The growth of Montalcino as a wine zone is well documented, and may represent the ultimate Italian wine success story: Back in the 1960s, when Italy’s D.O.C. appellation system was being written into law, Montalcino was still a fairly remote outpost; in 1967, a producers’ association, known as the consorzio, was created by a group of 25 vintners, half of whom actually bottled their own wine. Fifty years later, there are well over 200 ‘member-bottlers’ of Montalcino wine, and overall production has increased exponentially. And while the vineyard acreage in Montalcino is now roughly equivalent to that of Burgundy’s Côte de Nuits, the region is still dominated by forest. When I think of Sangiovese from Tuscany, and Montalcino in particular, I think of the woods—the earth, the smoke, the bark, the resin, the underbrush. I’ve always enjoyed the Brunello di Montalcino wines of Mocali because they so readily evoke those Tuscan woods full of cypress, beech, and holm oak (Montalcino’s name is thought to come from the Latin Mons Ilcinus, meaning “mountain of holm”). Another distinguishing feature of this 2012 Brunello from Mocali is its faithfulness to the Sangiovese grape’s classical proportions. In an era of very big, often over-extracted, wines, this is a Brunello with tension, energy, and aromatic lift. That’s what I want from Sangiovese, and if you’re inclined to agree, you really can’t beat this price; I’ll very happily drink it now and over the next 10 years, exulting in its authenticity and vibrancy the whole way.
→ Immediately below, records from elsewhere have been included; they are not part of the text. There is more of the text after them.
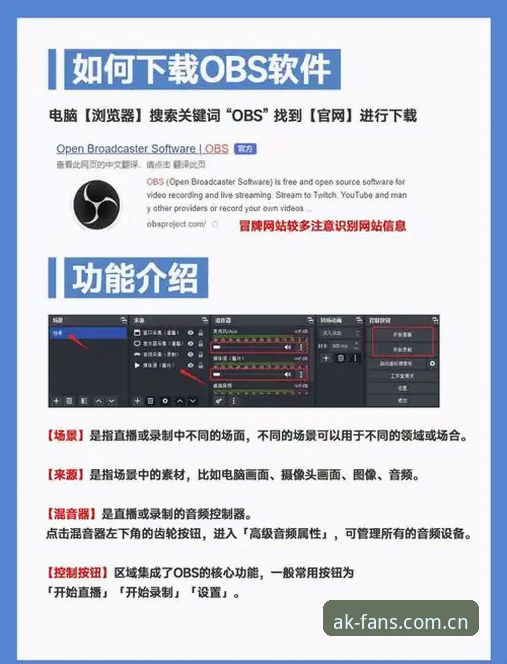 4步搞定AK体育高清直播:从下载到观赛的全流程指南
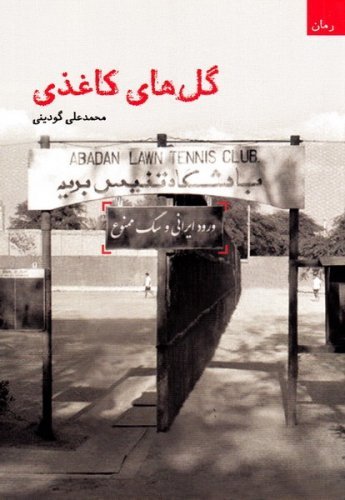 گل های کاغذی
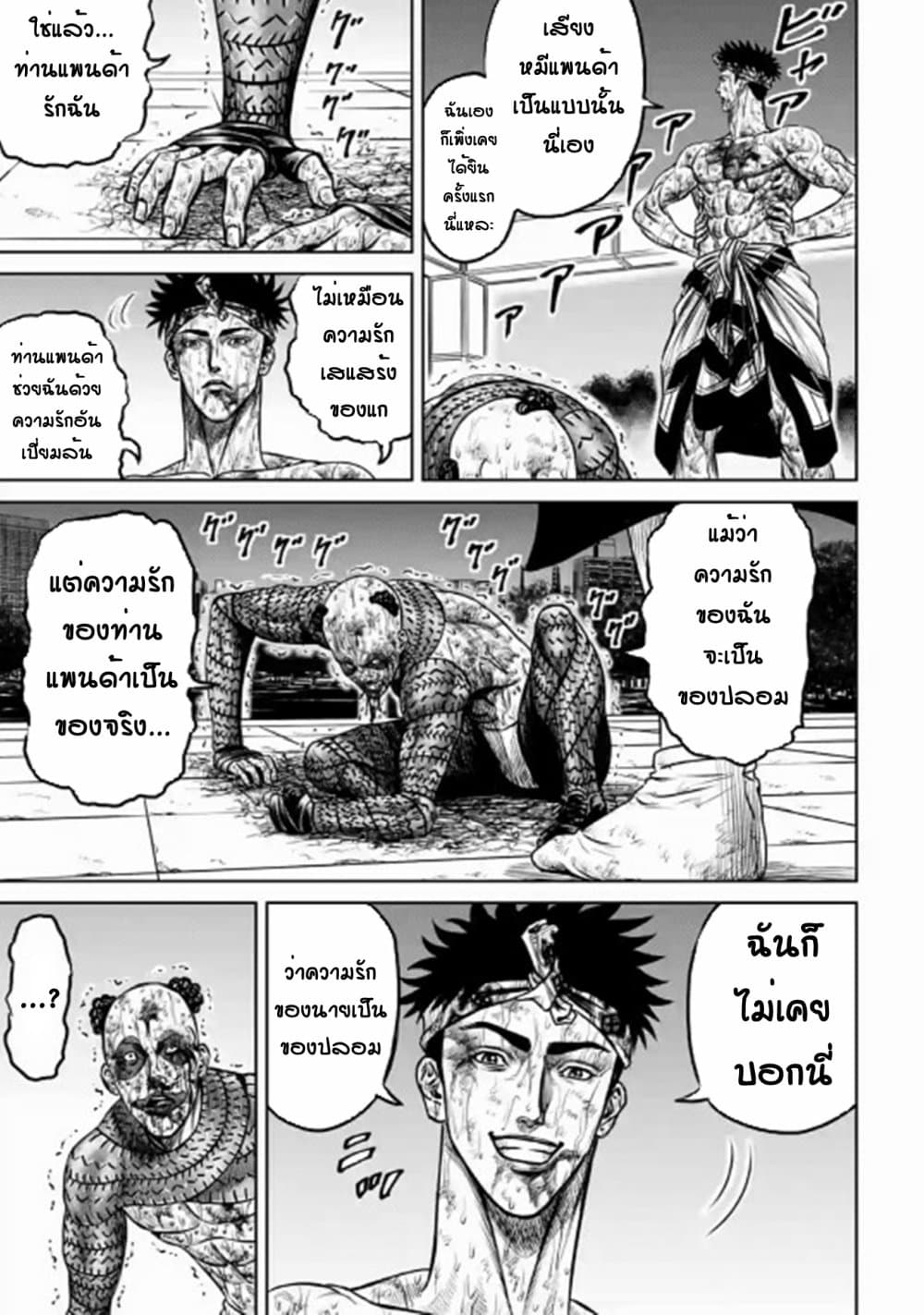 Tokyo Duel page 7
Mocali is, like many Montalcino properties, smaller than you might think: it is 32 hectares in total, with just 10 of those devoted to vineyards (they also lease a few hectares of vines nearby). The property was first acquired in the 1950s by Dino Ciacci, who was one of those 25 founding members of the consorzio—and the grandfather of current-day proprietor Tiziano Ciacci, who lives on that same property in Tavernelle, one of the villages on the ‘south slope’ of the Montalcino hill. The Mocali vineyards are extremely close to those of legendary estates such as Soldera and Pieve di Santa Restituta (Gaja), with soils of marl and sandstone and vineyard altitudes of 300-350 meters.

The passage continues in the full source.